Prove the result using Mathematical Induction $$1\cdot2+2\cdot2^2+3\cdot2^3+\ldots\ldots+n\cdot2^n=2[1+(n-1)2^n].$$
I've been stuck on this problem for hours, I have no idea how do even calculate it. The exponents throw me off.
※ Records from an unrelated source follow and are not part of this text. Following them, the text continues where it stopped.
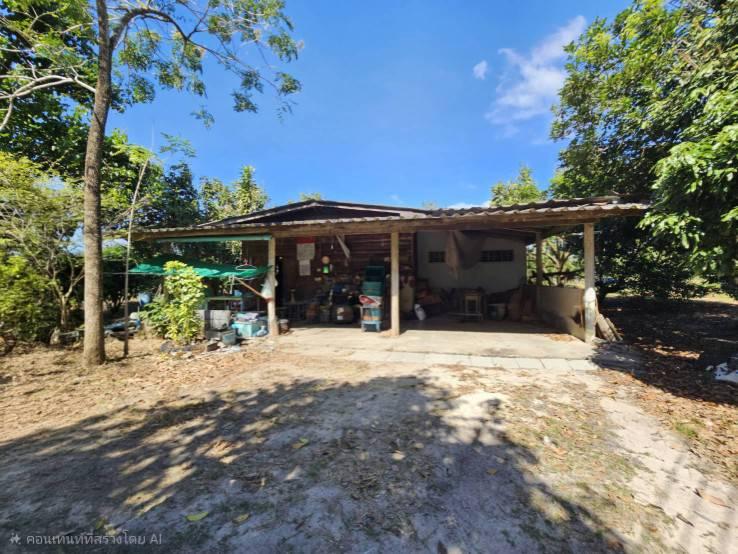 ขายสวนผลไม้ อำเภอขลุง  จันทบุรี พร้อมให้ผลผลิต 9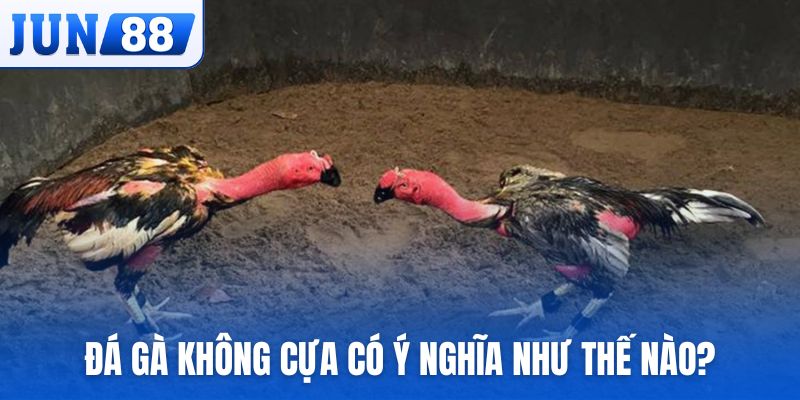 Đá gà không cựa có ý nghĩa như thế nào?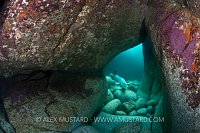Seal In Cave. Lundy Island, UK.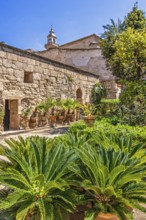 Lush green botanical garden a peaceful oasis at the Arab Baths in the old town in Palma a sunny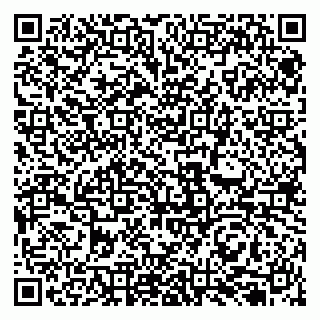 vCard 79131156017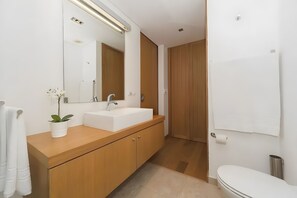 Shower, hair dryer, towels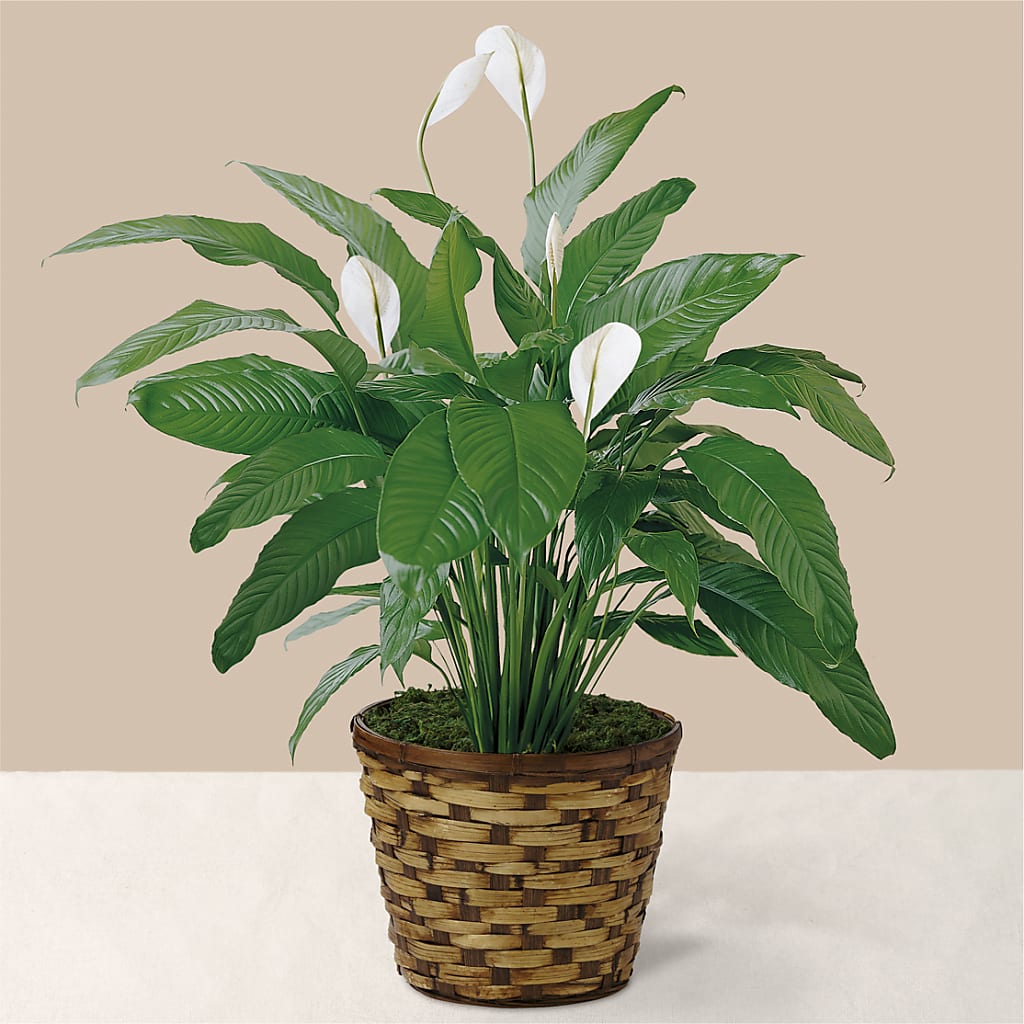 Tranquil Moments Peace Lily Plant – Oliverios Florist, Bridgeport WV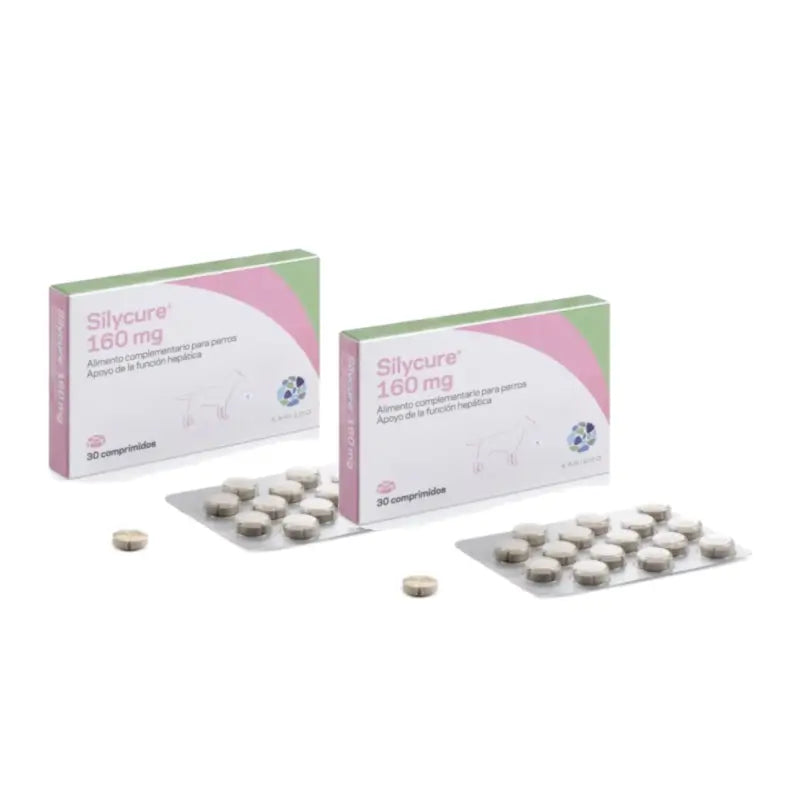 Karizoo Silycure 160 mg, Pack of 2 x 30 tablets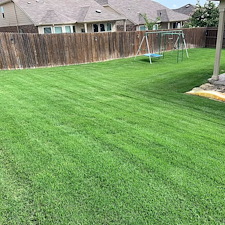 Zoysia Lawn Recovery in Fair Oaks Ranch, TX 1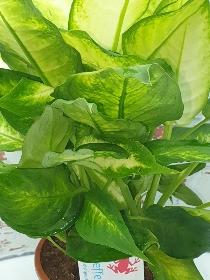 Dieffenbachia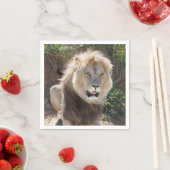 岩の上に座っているライオン スタンダードカクテルナプキン (インサイチュ)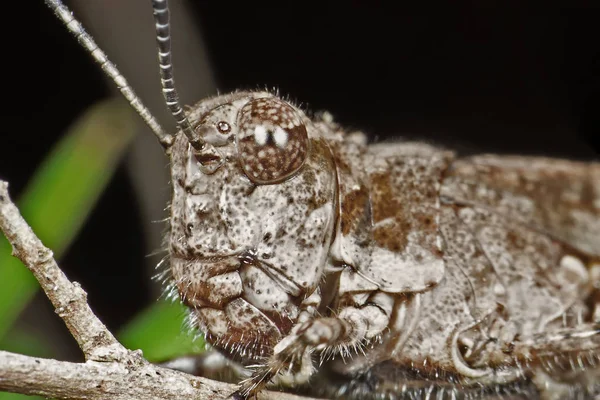 Makro foto av brun gräshoppa kamouflage på Twig — Stockfoto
If anyone can help me break it down step-by-step, I would truly appreciate it.
Here's my attempt
On
Without induction it is rather simple problem.
$$\sum_{k=1}^n kx^k=x\sum_{k=1}^n kx^{k-1}=x\sum_{k=1}^n(x^k)'=x\left(\sum_{k=1}^n x^k\right)'=x\left(x\frac{x^n-1}{x-1}\right)'.$$ Now compute the derivative and put $x=2.$
On
Hint:
The base case is fairly easy: $0\times\left(\ldots\right)=2\left(1+(0-1)\times2^0\right)$. If we assume that $\sum_{n=0}^k n2^{n}=2\left(1+(k-1)\cdot2^{k}\right)$, then our goal for the induction case is to prove that: $$ \underbrace{2\left(1+(k-1)\cdot2^{k}\right)}_{\sum_{n=0}^k {n2^{n}}}+ \underbrace{(k+1)2^{k+1}}_{\text{$(k+1)$'th term}}=2\left(1+k\cdot2^{k+1}\right)$$
Then, divide through by 2 and expand. Can you take it from here?
On
You've made a mistake while doubling $2[1+(K-1)2^K]$.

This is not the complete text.